One reason may be the following. The fact that a site is involved in an epistatic interaction (with any other site) biases the phylogenetic distribution of replacements at it away from random; e.g., trailing mutations will be biased towards branch tips. Such a bias may then lead to a spurious signal of epistasis between this site and a neutral site, leading to false positives in our simulation. Indeed, many of the spurious epistatic pairs are between a neutral site and an epistatic site (see response to comment 1 of Reviewer 2).

3. Phylogeny figures: it would be very helpful if the main text or figure legend had more of a "narrative" description of how to interpret these figures besides the visual legend.
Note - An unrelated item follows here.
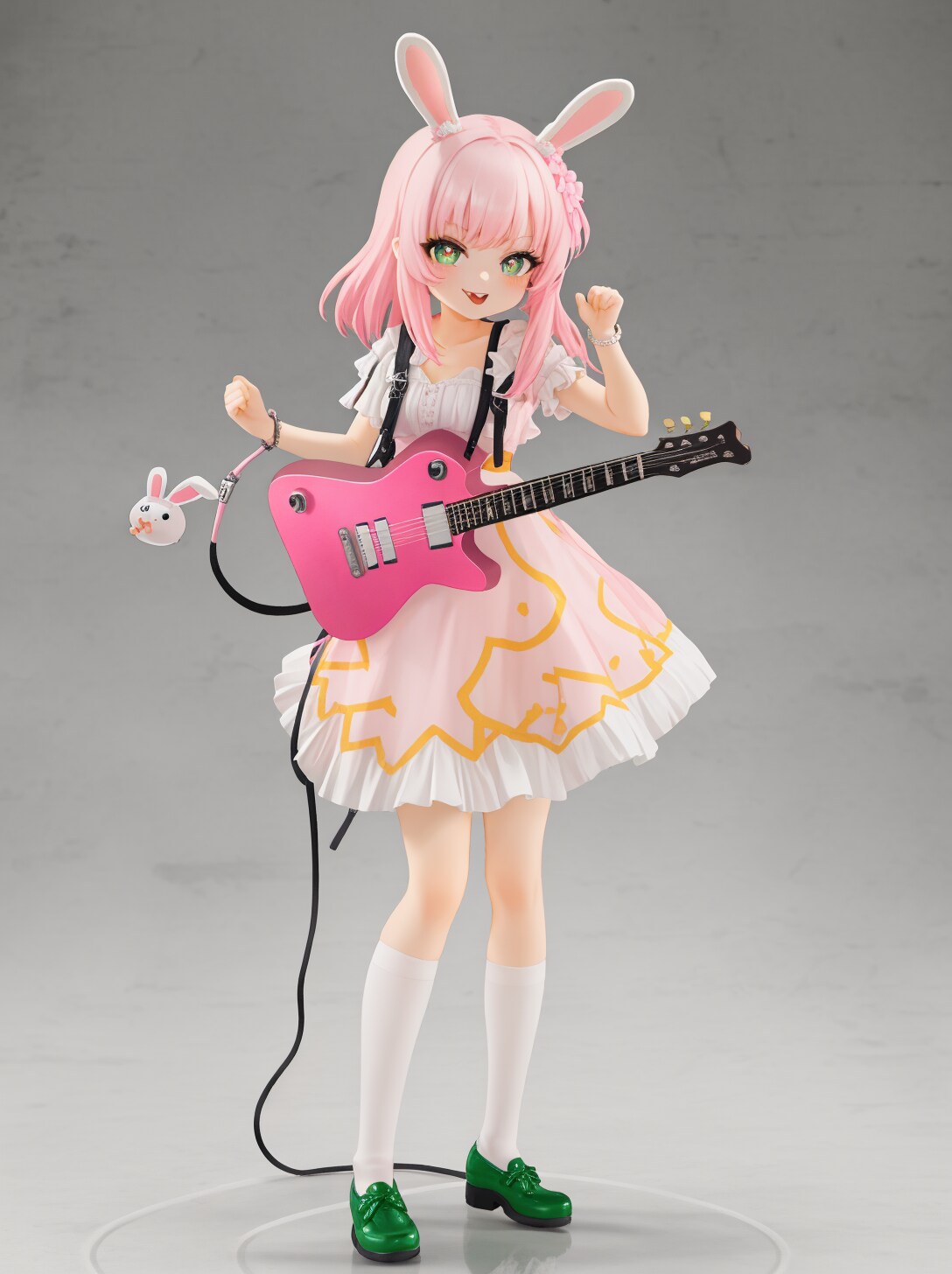 ギター持ってみたよ | の人気AIイラスト・グラビア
We now expanded the descriptions for Figures 3 and 5.

Maybe I'm misinterpreting (it's a hard phylogeny to visually parse), but it seems like the dashed lines reflective of VOC annotation in Figure 3 are very far away from being monophyletic. This is surprising, it seems like at the very least a reliable phylogeny for this analysis needs to be getting those highest-level taxonomic groupings of VOCs correct. But, maybe I'm not interpreting the phylogeny correctly (which suggests some more care might need to be taken in visualization). Upon thinking further, it may be that because so many other sequences outside of Α are collapsed into the triangles, the polyatomic representation here is all of "Α" and "Α-like" things (that are just not annotated as Α?) surrounding the basal Α emergence and my initial impression is not as concerning as it appeared.

First, we note that we use VOC annotation for just one purpose: to exclude the samples pertaining to a VOC from the analysis of the lineage defining mutations of this VOC. This affects which lineages are included in the analysis, but does not affect our object of study – the distribution of mutations in the remaining lineages.
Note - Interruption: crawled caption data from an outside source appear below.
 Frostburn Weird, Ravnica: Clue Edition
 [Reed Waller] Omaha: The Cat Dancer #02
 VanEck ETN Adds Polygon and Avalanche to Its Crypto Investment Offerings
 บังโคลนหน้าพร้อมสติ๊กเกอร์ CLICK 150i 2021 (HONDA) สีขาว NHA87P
Second, indeed, in our tree, the Α VOC is not monophyletic (Author response image 2). We now researched why this is the case. In our study, we relied on PANGOLIN annotations provided in GISAID metadata for VOC classification. It seems that sequences outside the phylogenetic clades corresponding to VOCs were ascribed to wrong categories by PANGOLIN. Instability of lineage assignments by PANGOLIN has been described previously (https://virological.org/t/sars-cov-2-lineage-assignment-is-more-stable-with-usher/781). To study this further, we ran the latest version of Pangolin (v. 4.1.3) both in the fast mode (when pangoLEARN is used for classification) and the default mode (when subtypes are assigned by placing the sample on the current publicly available phylogenetic tree using USHER), and considered PANGOLIN’s QC statistics (https://cov-lineages.org/resources/pangolin/output.html). One useful statistic is “conflict” which is greater than zero if a sequence could be assigned into multiple categories; another statistic, “ambiguity_score”, reflects the portion of sites used for classification that were imputed to the reference values. We compared “conflict” and “ambiguity_score” statistics for two sets of samples classified as VOCs: those contained in the largest clade of this VOC (below called TP from “true pangolin lineages”), and the remaining sequences ascribed to the same VOC lineages (below called FP from “false pangolin lineages”).
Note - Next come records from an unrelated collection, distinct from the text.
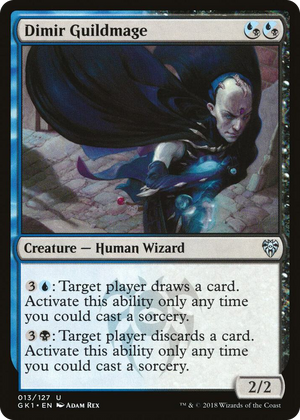 0013 Dimir Guildmage U Guilds of Ravnica: Guild Kits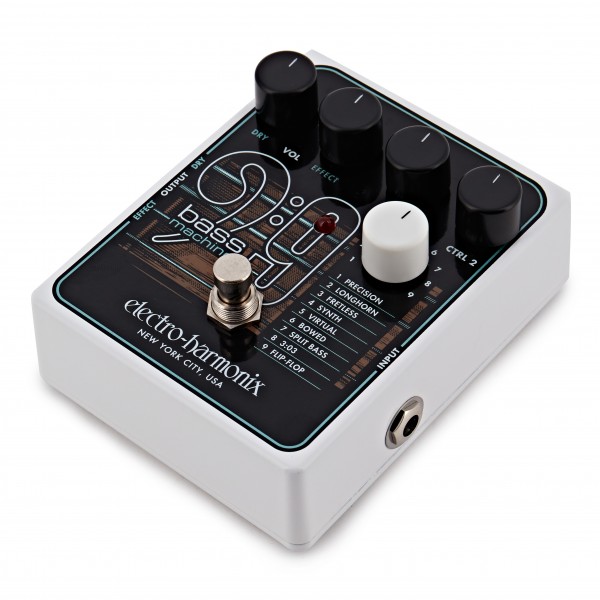 Electro Harmonix Bass9 Bass Machine at Gear4music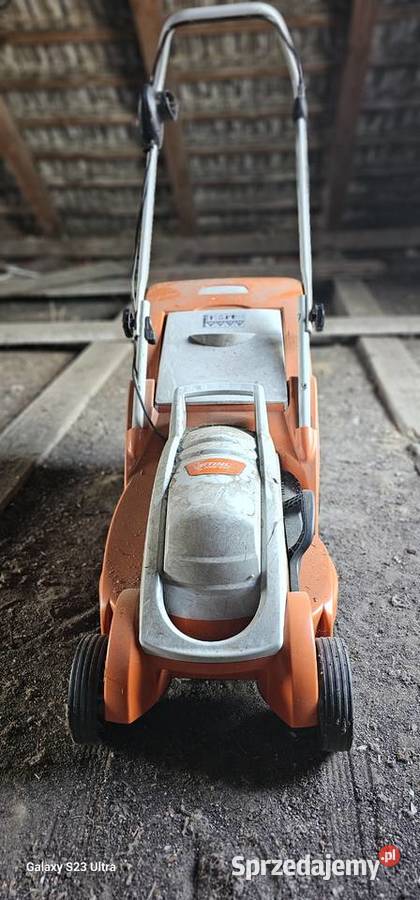 Sprzedam kosiarkę Podkaszarka stihl Kosiarki elektryczne Krajnik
Author response image 2. Phylogenetic clades annotated as VOCs according to the GISAID metadata as of 07.

Author response image 2.

09.2021 (I), and to the newer PANGOLIN 4.1.3, used in the default mode (II). Α is shown in red color, Β in blue, Γ in green, and Δ in orange. There are more red (α) branches outside the main α clade in (I) than in (II).

In both modes, FP sequences had significantly higher “conflict” scores than TP sequences (Mann Whitney U-test p-value = 1e-25 and 1e-11 for fast and default modes respectively), indicating that the classification of FP sequences is ambiguous. While SARS-CoV-2 lineage assignment is more stable with UShER compared to the pangoLEARN mode (https://virological.org/t/sars-cov-2-lineage-assignment-is-more-stable-with-usher/781), some polyphyly is also observed in the UShER-based annotation (Author response image 2).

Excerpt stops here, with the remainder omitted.